Details
-
Feature
-
Status: Dismissed (View Workflow)
-
Minor
-
Resolution: Won't Fix
-
1.9, 1.10
Description
Current Situation
- A shell job is running on a JobScheduler Master.
- JobScheduler Master crashes (for instance with a kill -11 SIGSEGV signal) or is killed (for instance with a kill -9 SIGKILL signal).
- The task continues and will be completed even though the JobScheduler Master is not available anymore.
- This behaviour does not apply to jobs that make frequent use of the JobScheduler API.
Desired Behavior
- All tasks (including the ones for shell jobs) are terminated immediately in case of a JobScheduler Master crash.
Implementation
- The Master keeps track of running tasks with an internal process list.
- In case of a Master crash (segmentation fault) the Master will terminate any running tasks from that list.
Delimitation
- This feature is intended to cope with a situation when a SIGSEGV signal is sent to the Master, for instance via kill -11, i.e. in case of a crash (a segmentation fault).
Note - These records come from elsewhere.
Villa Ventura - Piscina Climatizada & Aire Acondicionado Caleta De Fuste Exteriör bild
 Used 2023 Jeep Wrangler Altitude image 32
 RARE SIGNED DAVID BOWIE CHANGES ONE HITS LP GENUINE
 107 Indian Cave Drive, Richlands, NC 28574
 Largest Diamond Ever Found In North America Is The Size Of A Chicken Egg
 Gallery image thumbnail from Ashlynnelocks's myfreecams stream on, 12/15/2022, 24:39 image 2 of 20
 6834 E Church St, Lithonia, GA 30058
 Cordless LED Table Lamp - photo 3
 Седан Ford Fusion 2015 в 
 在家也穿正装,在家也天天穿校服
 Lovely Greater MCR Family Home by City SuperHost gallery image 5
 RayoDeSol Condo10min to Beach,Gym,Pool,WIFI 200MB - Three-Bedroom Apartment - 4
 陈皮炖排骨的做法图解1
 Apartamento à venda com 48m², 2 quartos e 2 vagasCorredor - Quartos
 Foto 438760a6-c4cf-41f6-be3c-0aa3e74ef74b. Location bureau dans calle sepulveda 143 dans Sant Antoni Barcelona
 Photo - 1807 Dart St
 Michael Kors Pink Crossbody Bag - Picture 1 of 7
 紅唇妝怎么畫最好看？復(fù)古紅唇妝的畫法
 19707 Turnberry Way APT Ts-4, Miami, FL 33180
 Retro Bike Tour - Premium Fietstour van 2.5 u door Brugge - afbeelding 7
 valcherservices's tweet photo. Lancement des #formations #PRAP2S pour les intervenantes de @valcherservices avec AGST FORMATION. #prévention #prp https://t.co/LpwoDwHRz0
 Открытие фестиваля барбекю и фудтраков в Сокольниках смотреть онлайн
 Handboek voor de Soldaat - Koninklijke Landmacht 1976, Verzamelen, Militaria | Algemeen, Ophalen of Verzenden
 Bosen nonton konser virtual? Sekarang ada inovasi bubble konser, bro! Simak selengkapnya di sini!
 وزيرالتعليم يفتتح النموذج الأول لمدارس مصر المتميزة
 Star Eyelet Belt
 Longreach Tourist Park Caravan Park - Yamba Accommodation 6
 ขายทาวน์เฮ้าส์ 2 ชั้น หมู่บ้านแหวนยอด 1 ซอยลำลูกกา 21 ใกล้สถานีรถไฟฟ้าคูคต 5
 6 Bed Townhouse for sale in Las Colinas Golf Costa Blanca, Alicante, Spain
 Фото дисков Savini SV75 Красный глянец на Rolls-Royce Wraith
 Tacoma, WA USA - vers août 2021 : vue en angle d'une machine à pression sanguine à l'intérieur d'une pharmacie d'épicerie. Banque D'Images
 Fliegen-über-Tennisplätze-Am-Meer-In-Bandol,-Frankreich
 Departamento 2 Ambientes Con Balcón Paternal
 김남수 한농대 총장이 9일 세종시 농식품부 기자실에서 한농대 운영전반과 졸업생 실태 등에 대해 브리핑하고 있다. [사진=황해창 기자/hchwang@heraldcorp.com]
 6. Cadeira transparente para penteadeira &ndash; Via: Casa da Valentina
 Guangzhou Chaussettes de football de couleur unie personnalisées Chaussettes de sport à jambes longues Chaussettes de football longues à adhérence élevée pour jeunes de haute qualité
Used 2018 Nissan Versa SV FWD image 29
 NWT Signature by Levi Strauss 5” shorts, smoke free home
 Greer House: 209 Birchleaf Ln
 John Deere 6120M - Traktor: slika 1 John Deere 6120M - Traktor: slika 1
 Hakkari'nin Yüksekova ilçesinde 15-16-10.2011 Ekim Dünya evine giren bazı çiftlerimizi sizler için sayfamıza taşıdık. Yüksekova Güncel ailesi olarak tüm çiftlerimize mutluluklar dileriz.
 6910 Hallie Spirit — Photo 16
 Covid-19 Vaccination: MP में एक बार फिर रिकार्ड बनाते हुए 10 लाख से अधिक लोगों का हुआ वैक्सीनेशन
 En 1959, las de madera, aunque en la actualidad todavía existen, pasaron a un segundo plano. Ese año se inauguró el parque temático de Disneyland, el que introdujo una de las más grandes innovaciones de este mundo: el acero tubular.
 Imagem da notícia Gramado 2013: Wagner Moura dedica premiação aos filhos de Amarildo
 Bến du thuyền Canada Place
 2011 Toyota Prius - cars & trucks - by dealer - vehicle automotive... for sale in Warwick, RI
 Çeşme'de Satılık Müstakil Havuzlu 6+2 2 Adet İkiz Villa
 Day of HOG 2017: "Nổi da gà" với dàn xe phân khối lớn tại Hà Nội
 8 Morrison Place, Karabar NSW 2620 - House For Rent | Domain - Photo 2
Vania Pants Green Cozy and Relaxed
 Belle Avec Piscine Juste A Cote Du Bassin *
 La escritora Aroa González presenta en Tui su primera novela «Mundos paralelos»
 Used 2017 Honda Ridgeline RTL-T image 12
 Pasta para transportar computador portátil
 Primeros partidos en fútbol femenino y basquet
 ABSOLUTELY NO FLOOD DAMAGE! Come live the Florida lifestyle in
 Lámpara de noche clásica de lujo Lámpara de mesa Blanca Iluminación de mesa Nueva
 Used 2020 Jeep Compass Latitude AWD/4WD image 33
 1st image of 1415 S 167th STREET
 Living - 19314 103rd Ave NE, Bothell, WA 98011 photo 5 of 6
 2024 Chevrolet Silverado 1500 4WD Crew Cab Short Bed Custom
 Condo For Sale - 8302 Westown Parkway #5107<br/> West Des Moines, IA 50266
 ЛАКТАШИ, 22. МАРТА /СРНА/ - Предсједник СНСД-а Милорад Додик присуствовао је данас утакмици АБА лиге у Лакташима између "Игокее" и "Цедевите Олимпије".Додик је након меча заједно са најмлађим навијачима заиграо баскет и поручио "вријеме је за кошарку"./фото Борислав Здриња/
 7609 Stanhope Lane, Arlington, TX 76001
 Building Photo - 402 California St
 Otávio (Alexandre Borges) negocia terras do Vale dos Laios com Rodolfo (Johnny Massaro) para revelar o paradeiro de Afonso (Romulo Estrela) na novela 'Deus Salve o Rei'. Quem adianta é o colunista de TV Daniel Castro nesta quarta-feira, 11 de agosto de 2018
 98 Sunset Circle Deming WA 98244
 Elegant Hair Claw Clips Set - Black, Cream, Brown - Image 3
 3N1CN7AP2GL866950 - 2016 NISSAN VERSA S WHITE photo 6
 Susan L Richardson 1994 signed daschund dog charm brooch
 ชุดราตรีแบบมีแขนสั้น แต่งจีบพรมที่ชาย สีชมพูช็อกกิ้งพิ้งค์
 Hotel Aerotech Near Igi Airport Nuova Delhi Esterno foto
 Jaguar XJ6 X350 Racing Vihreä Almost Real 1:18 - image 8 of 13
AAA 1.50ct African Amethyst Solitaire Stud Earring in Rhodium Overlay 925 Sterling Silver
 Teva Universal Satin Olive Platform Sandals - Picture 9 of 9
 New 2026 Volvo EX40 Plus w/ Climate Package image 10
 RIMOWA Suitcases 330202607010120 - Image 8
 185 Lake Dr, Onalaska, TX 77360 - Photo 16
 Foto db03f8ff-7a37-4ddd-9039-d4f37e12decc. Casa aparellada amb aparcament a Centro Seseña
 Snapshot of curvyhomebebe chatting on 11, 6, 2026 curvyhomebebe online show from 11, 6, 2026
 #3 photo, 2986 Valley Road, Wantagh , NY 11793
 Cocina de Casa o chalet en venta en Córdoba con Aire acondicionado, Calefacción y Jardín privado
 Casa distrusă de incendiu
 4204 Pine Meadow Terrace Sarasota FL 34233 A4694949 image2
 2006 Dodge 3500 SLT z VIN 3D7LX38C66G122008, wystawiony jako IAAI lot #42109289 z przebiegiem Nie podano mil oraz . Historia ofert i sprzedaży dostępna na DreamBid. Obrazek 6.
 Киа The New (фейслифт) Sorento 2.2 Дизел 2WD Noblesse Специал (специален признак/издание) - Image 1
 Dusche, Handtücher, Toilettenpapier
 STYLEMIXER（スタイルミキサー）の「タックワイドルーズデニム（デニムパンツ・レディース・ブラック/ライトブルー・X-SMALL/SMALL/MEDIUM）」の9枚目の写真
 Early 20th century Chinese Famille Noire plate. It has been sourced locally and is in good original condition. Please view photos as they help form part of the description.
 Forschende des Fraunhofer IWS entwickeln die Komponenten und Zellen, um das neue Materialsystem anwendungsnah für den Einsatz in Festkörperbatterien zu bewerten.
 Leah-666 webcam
- This feature is not intended to cope with a situation when a SIGKILL signal is sent to the Master, for instance via kill -9 as this does not represent a realististic operational situation.
Maintainer Notes
- This feature proposal responds to a theoretical problem that has not yet been reported as an issue. We tend to move the JobScheduler architecture in a direction that will make more use of Agents and integrate Agents more thoroughly.
- Therefore we added
JS-1550for tasks with Agents and we do not have the intention to add this feature to the Master. - In fact as of today you can run an Agent on the Master server should you have any concerns that a Master could become unavailable while a task is running on the server of the Master.